I have an arched roof also and I put the panel directly in the middle of the roof. I used the standard "Z" mounting brackets. There are some adjustable types out there, which I found after I mounted mine. I used 2 "Z" brackets on each side of the 250watt panel. Going on 5 years and still as solid as day one. There is a picture in my SOLAR album, see the bottom link.

There is also a post on Flexible panels that you may want to read. Would not be a top choice of mine.

I believe that the newer models have standard MC4 connectors on the roof, but may not be the same on the side mounted connectors. You can enclose pictures and we can help you out there.

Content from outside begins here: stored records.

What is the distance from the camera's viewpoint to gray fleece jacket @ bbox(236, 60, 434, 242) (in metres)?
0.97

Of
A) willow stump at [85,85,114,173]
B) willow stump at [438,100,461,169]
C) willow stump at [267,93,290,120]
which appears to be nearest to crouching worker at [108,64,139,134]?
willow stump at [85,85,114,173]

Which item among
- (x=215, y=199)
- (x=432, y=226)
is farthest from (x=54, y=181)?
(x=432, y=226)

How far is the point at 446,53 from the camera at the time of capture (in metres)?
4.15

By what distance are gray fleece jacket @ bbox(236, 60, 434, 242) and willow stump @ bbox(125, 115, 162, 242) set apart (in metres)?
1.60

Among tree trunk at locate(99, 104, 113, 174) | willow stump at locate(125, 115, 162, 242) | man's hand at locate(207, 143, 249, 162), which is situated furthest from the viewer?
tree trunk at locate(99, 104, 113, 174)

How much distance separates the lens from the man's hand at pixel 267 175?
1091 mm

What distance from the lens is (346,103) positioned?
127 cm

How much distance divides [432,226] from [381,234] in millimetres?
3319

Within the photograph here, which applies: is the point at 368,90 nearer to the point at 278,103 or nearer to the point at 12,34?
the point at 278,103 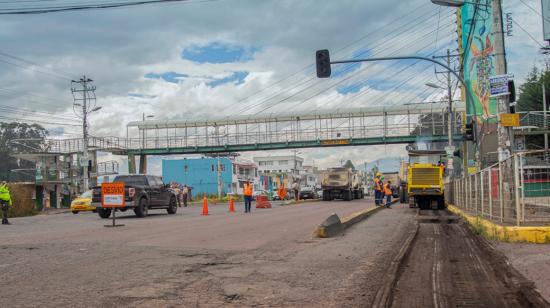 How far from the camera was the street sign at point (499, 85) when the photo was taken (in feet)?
48.2

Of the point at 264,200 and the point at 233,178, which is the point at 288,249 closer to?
the point at 264,200

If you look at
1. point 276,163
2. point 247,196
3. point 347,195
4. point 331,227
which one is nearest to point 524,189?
point 331,227

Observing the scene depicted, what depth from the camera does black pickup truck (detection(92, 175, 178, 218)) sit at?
74.1 ft

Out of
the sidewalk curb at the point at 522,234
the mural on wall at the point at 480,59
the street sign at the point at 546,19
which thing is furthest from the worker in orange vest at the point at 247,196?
the street sign at the point at 546,19

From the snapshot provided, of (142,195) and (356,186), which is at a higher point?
(142,195)

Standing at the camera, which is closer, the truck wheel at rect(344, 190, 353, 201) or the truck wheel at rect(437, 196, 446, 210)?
the truck wheel at rect(437, 196, 446, 210)

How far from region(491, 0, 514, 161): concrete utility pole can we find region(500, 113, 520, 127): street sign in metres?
0.84

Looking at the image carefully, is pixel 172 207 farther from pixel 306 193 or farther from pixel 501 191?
pixel 306 193

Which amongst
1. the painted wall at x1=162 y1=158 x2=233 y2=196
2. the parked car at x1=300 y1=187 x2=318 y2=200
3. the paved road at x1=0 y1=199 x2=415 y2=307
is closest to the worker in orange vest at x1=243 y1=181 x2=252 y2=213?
the paved road at x1=0 y1=199 x2=415 y2=307

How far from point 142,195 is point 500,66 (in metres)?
14.8

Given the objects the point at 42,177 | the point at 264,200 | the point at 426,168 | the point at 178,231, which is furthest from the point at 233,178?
the point at 178,231

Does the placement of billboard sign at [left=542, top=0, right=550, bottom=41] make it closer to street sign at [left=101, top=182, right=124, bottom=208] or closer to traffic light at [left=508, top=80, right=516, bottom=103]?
traffic light at [left=508, top=80, right=516, bottom=103]

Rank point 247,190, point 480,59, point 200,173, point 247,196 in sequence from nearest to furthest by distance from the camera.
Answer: point 247,196 < point 247,190 < point 480,59 < point 200,173

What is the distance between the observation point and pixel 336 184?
1949 inches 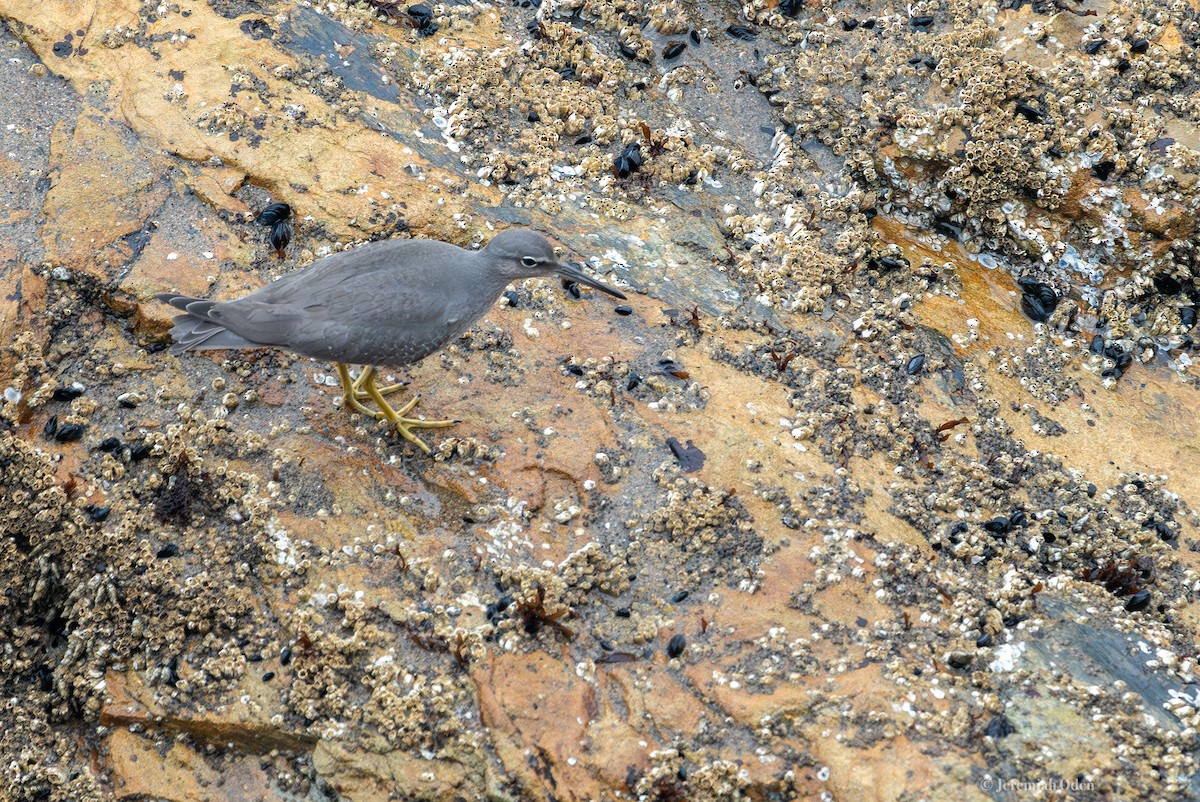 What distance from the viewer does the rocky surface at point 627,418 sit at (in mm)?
4516

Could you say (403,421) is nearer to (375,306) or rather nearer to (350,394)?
(350,394)

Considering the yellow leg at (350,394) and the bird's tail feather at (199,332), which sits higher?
the bird's tail feather at (199,332)

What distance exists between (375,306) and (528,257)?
3.10ft

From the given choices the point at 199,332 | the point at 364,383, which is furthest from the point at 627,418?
the point at 199,332

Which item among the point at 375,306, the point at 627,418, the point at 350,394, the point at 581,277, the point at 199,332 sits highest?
the point at 581,277

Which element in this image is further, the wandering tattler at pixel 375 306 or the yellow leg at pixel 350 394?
the yellow leg at pixel 350 394

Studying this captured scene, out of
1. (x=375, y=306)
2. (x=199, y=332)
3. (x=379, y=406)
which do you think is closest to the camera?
(x=199, y=332)

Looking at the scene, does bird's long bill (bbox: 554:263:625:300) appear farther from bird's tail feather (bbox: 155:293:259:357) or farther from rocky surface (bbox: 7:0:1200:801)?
bird's tail feather (bbox: 155:293:259:357)

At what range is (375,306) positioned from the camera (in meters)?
5.32

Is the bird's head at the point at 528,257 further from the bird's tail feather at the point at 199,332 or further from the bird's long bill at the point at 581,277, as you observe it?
the bird's tail feather at the point at 199,332

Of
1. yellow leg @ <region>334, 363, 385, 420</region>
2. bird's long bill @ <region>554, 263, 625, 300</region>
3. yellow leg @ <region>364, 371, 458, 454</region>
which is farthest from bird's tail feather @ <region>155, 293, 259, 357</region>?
bird's long bill @ <region>554, 263, 625, 300</region>

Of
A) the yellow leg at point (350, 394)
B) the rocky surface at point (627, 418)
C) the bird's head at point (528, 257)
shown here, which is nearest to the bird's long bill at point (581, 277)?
the bird's head at point (528, 257)

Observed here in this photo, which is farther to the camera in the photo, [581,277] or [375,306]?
[581,277]

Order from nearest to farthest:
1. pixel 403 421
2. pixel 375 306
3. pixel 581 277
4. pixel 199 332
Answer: pixel 199 332 → pixel 375 306 → pixel 403 421 → pixel 581 277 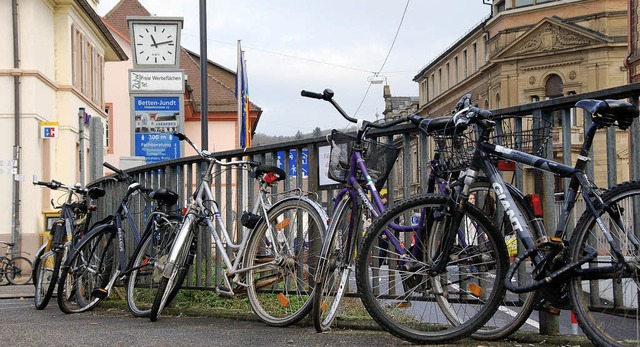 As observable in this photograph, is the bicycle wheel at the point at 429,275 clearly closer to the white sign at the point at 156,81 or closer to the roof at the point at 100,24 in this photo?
the white sign at the point at 156,81

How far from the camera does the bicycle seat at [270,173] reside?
6.39m

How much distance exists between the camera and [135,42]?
14.6 m

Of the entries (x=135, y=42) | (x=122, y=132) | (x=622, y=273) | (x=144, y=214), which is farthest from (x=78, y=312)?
(x=122, y=132)

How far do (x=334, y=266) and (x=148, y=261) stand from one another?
2659 mm

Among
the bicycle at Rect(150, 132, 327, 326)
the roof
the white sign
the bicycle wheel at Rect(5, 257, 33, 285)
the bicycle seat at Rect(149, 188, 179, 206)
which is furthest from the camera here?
the roof

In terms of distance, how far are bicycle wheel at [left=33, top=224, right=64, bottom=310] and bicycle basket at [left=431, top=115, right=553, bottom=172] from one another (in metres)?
5.01

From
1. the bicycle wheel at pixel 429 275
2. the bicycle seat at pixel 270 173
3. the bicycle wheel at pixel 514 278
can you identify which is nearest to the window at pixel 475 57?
the bicycle seat at pixel 270 173

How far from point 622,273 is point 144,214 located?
5.59 metres

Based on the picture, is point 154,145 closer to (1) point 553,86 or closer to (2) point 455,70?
(1) point 553,86

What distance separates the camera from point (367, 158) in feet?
18.1

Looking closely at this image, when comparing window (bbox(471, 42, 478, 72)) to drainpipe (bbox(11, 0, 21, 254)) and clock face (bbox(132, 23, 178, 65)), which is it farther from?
clock face (bbox(132, 23, 178, 65))

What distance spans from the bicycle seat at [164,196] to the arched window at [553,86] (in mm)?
52726

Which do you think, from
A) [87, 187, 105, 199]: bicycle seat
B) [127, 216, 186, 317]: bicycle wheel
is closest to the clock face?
[87, 187, 105, 199]: bicycle seat

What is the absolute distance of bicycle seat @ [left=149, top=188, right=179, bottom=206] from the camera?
305 inches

As for a SOLAR Charge Controller, there are a lot of them out there and the good ones all have the battery temperature sensor, to monitor the batteries temperature for charging purposes . If you are going with a SOLAR and anticipating on expanding your system, I would recommend going with a QUALITY 60 Amp MPPT controller. I and a few other members use the MoringStar MPPT brand. I love it. It gives me the information that I need and with my TT's Wi-Fi router, I get the information on my smartphone, tablet... Some of the other mfr have more info, but not all have the networking capabilities that I wanted. I would say it is just a matter of preference.

Capacity: Well since you already have 6 standard size 24 batteries, you should have about 270Ah, of which you already know you can only use 135Ah.. If you ever need to change them out, I would recommend using 6 volt batteries. My 2 6volt batteries are rated at 260Ah, 4 of them would give you about 520Ah and have room to spare.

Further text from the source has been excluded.